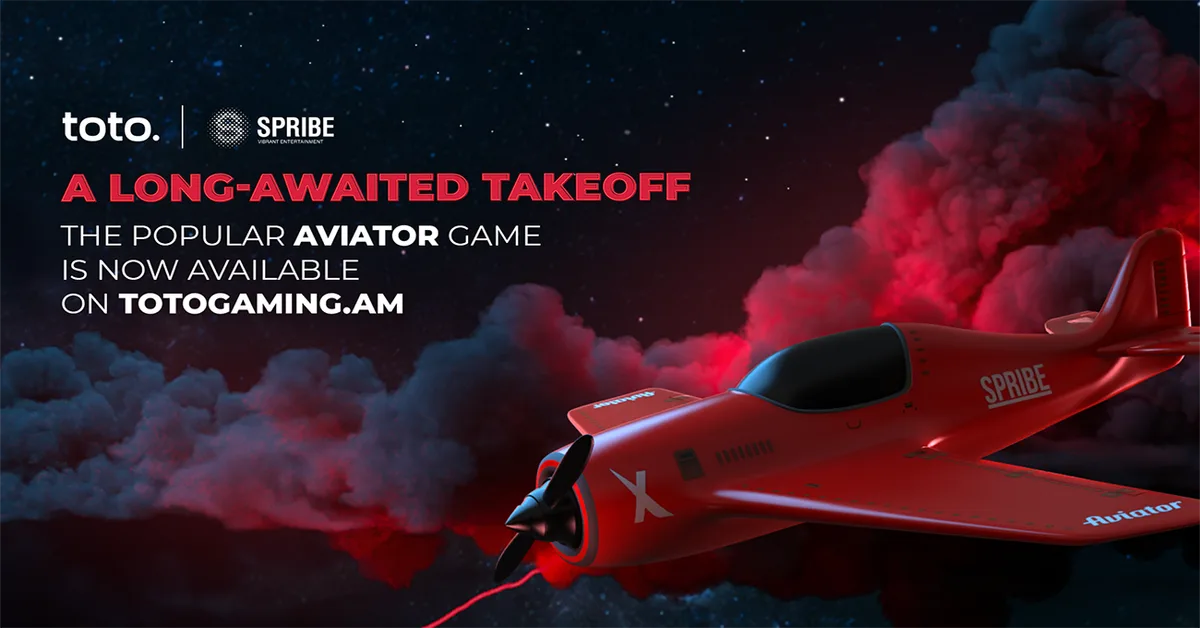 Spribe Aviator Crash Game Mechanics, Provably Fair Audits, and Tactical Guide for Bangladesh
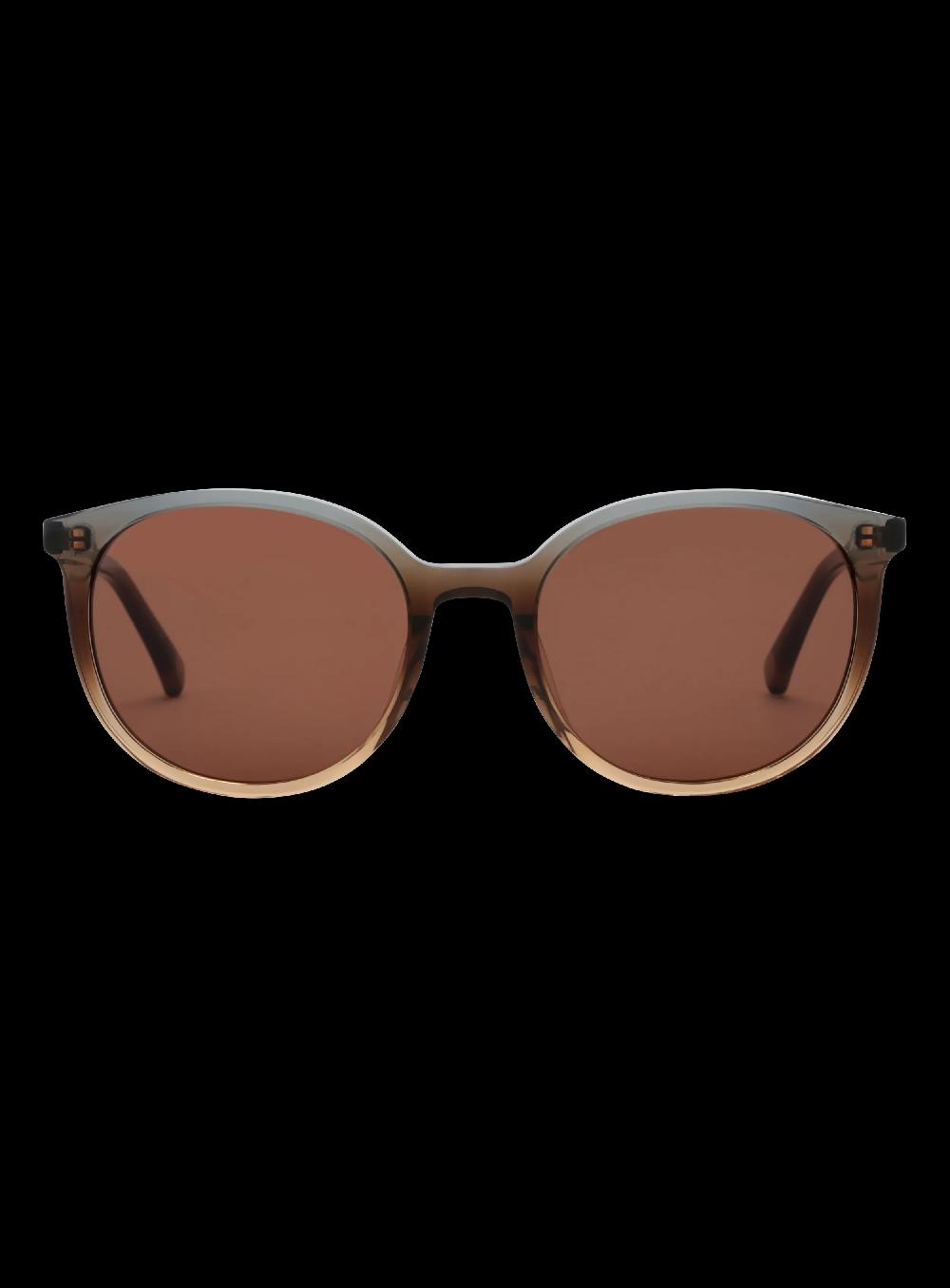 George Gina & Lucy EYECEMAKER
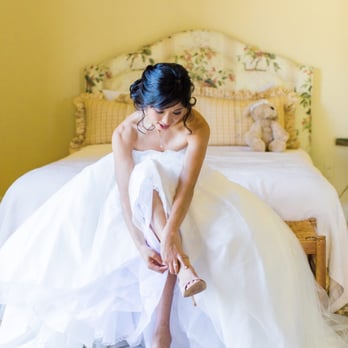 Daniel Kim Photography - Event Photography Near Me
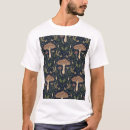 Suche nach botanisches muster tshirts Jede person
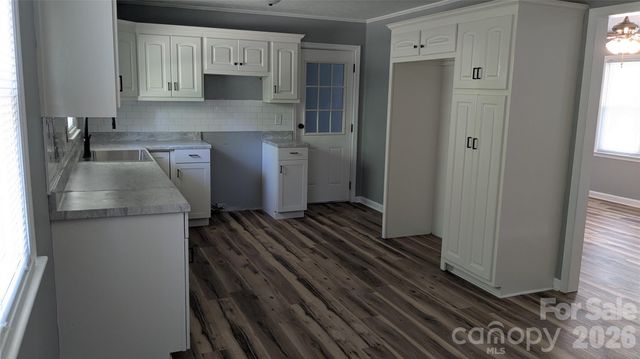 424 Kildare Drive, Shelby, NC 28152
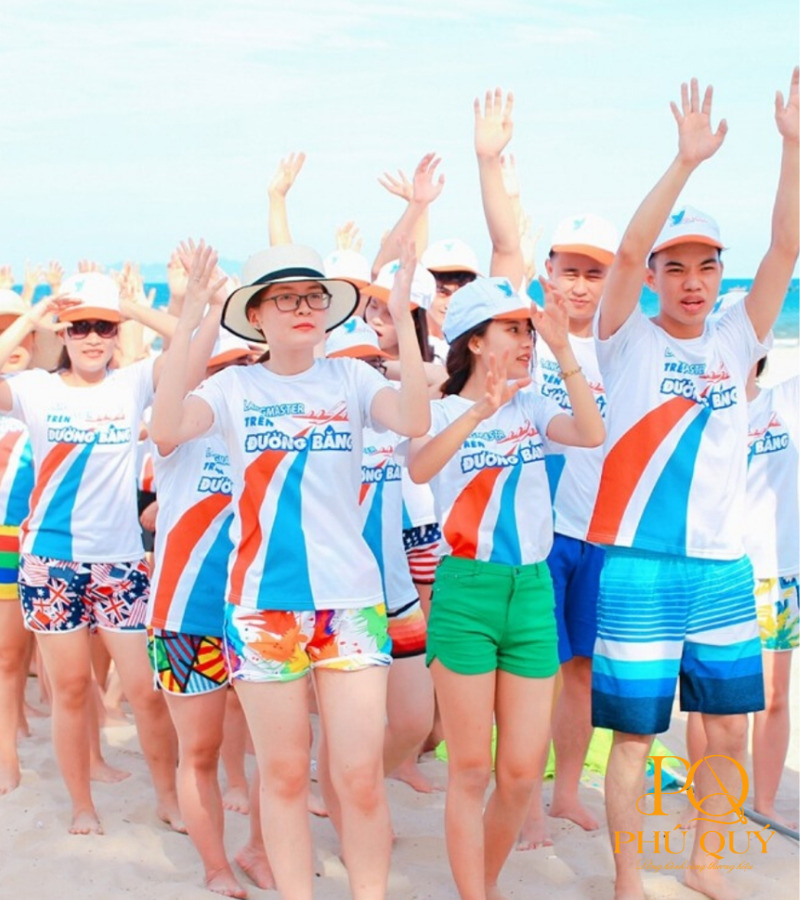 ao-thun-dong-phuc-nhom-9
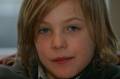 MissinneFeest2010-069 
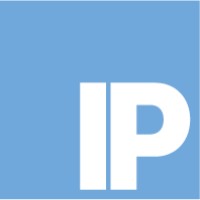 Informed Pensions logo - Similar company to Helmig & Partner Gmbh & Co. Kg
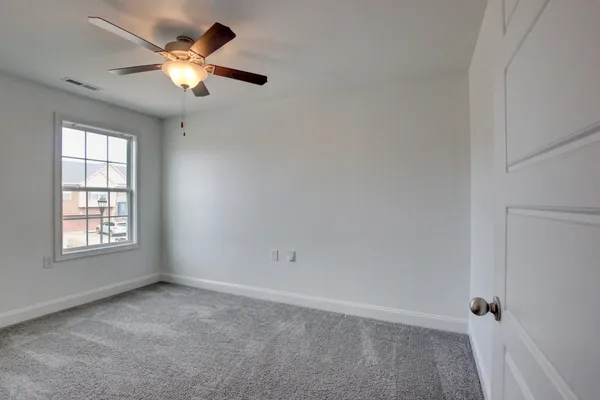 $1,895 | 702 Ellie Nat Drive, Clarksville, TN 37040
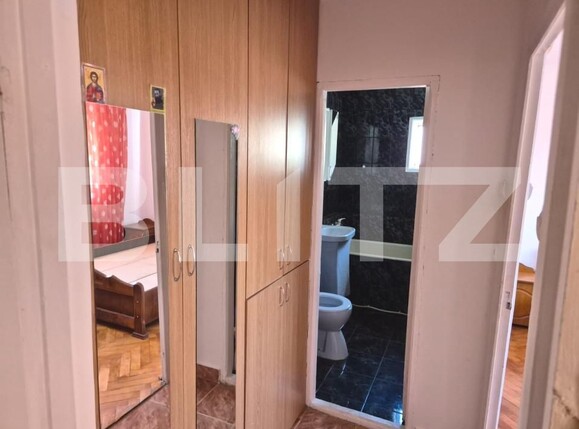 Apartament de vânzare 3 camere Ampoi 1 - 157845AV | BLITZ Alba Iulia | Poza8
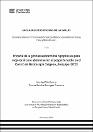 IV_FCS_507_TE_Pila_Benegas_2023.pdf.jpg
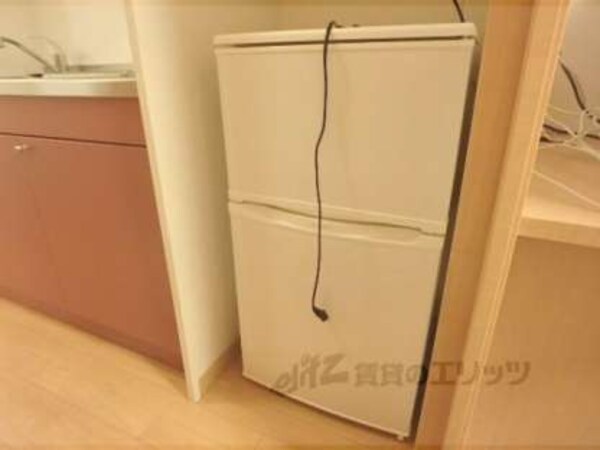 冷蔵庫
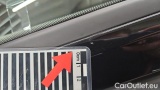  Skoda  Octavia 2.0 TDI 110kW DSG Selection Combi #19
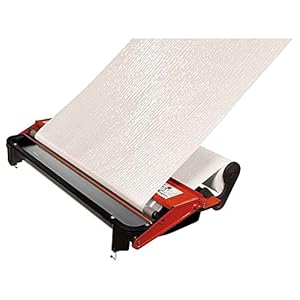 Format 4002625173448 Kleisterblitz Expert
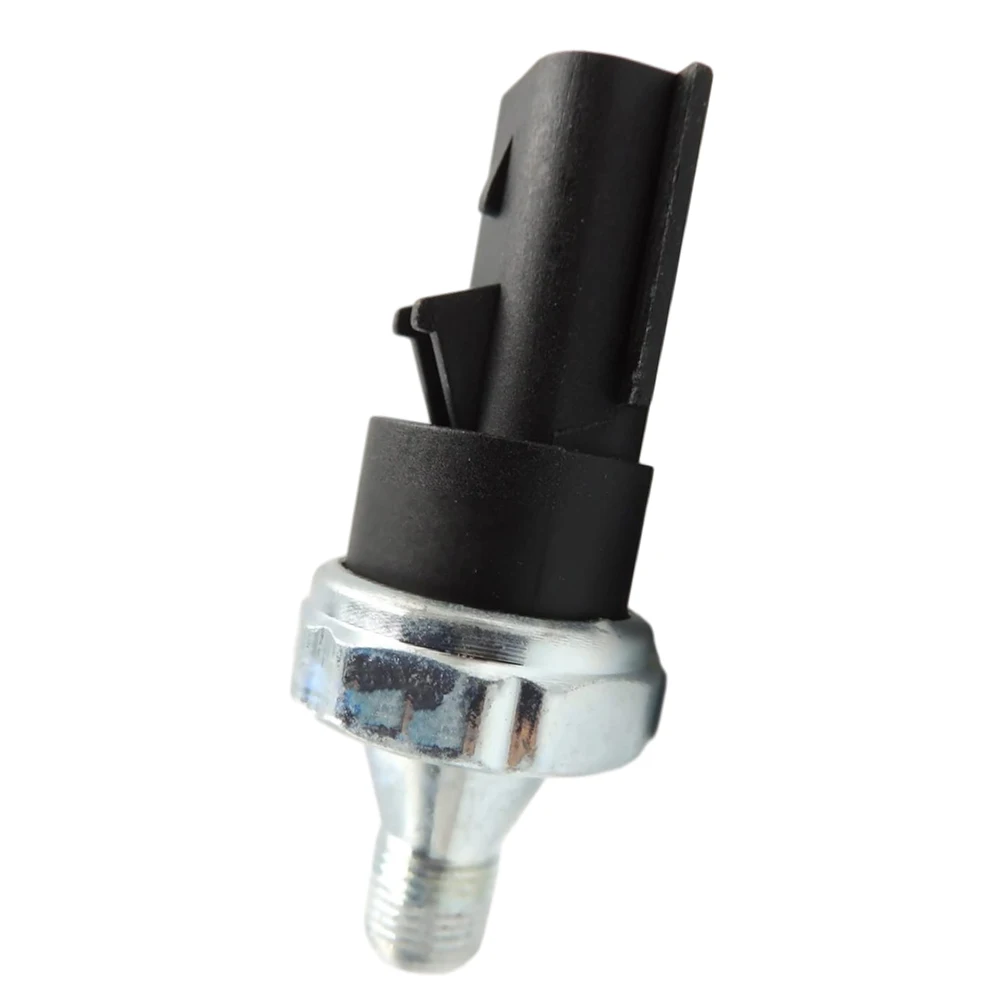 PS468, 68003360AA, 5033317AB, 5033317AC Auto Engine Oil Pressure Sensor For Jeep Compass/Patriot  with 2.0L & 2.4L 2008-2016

::::::

Please write out every record above exactly, but leave the pictures out.

 Spribe Aviator Crash Game Mechanics, Provably Fair Audits, and Tactical Guide for Bangladesh
 George Gina & Lucy EYECEMAKER
 Daniel Kim Photography - Event Photography Near Me
 Suche nach botanisches muster tshirts Jede person
 424 Kildare Drive, Shelby, NC 28152
 ao-thun-dong-phuc-nhom-9
 MissinneFeest2010-069 
 Informed Pensions logo - Similar company to Helmig & Partner Gmbh & Co. Kg
 $1,895 | 702 Ellie Nat Drive, Clarksville, TN 37040
 Apartament de vânzare 3 camere Ampoi 1 - 157845AV | BLITZ Alba Iulia | Poza8
 IV_FCS_507_TE_Pila_Benegas_2023.pdf.jpg
 冷蔵庫
  Skoda  Octavia 2.0 TDI 110kW DSG Selection Combi #19
 Format 4002625173448 Kleisterblitz Expert
 PS468, 68003360AA, 5033317AB, 5033317AC Auto Engine Oil Pressure Sensor For Jeep Compass/Patriot  with 2.0L & 2.4L 2008-2016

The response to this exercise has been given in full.